The required output is the lines below from the line containing "You can stop" to the line containing "Hello everyone, I'm", inclusive, retyped exactly. No other lines belong in it.

DATA SUPPLIED:
※ ※ ※
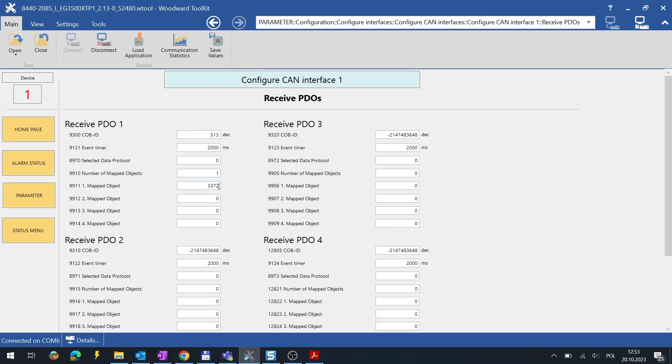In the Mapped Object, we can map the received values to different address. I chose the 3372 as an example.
※ ※ ※
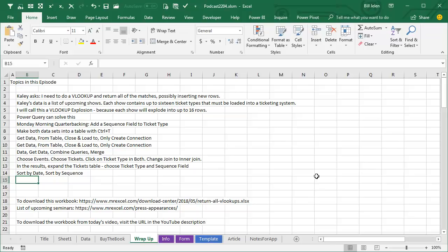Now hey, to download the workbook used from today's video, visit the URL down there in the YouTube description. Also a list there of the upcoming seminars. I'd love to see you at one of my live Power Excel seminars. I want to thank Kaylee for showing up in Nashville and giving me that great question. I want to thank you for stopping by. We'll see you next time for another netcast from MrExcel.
※ ※ ※
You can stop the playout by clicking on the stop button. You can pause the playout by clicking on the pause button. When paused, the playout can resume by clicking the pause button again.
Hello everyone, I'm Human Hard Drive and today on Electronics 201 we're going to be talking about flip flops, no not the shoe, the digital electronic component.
※ ※ ※
ANSWER SECTION:
You can stop the playout by clicking on the stop button. You can pause the playout by clicking on the pause button. When paused, the playout can resume by clicking the pause button again.
Hello everyone, I'm Human Hard Drive and today on Electronics 201 we're going to be talking about flip flops, no not the shoe, the digital electronic component.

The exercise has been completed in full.